How do we know tachyons don't exist? As I mentioned yesterday, Hollywood screenwriter working on a TV pilot about physics trying to get the details right.
What empirical evidence is there that tachyons do not exist? I understand that objects with mass cannot accelerate to (much less past) $c$. So anything capable of FTL travel would have to be massless or very strange. But is there any astronomical evidence that allows us to conclude that superluminal travel does not happen in nature? 
Like is there some specific phenomenon we would expect to see in the sky if non-free, interacting tachyons existed, and we're not seeing it? Or is the objection entirely mathematical?
 A: 
Like is there some specific phenomenon we would expect to see in the sky if non-free, interacting tachyons existed, and we're not seeing it? Or is the objection entirely mathematical?

The objection is from mainstream physics, and main stream physics is about mathematical models that fit observations and are predictive of future observations.
Laws of physics are the axioms necessary to pick up the mathematical functions relevant to measurements and observations.

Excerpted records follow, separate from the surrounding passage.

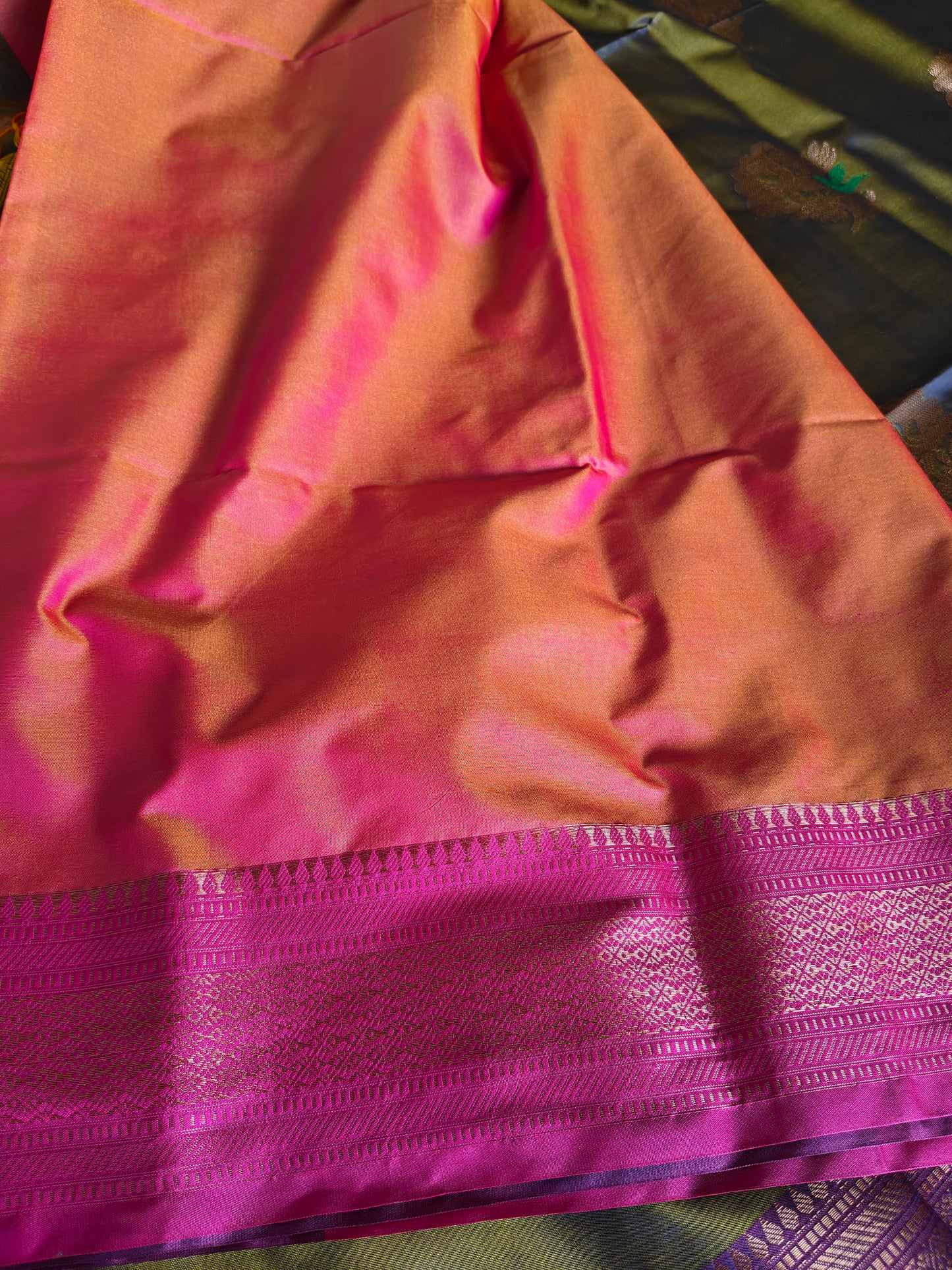 Double shades mehndi green contrast border n pallu saree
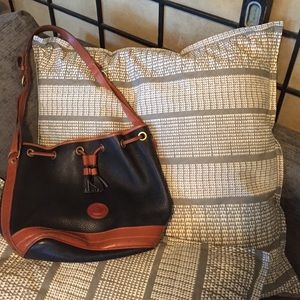 Dooney & Bourke bucket bag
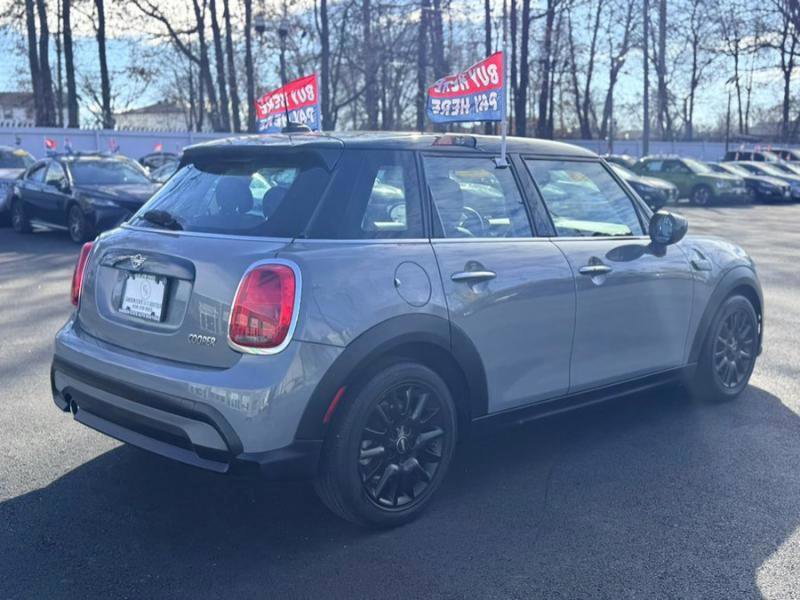 Used 2022 MINI Cooper 4-Door Hardtop FWD image 6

A tachyon /ˈtæki.ɒn/ or tachyonic particle is a hypothetical particle that always moves faster than light. Most physicists believe that faster-than-light particles cannot exist because they are not consistent with the known laws of physics. If such particles did exist, they could be used to build a tachyonic antitelephone and send signals faster than light, which (according to special relativity) would lead to violations of causality.

Italics mine.
We have not observed or measured in our laboratory experimentally  violations of causality, i.e. effects before cause, or communications from the future.
(If the mediums' communications  , messages from the future,  become accessible to laboratory experiments, maybe a drastic revision of the laws of physics will allow tachyonic particles in our list of observable particles.)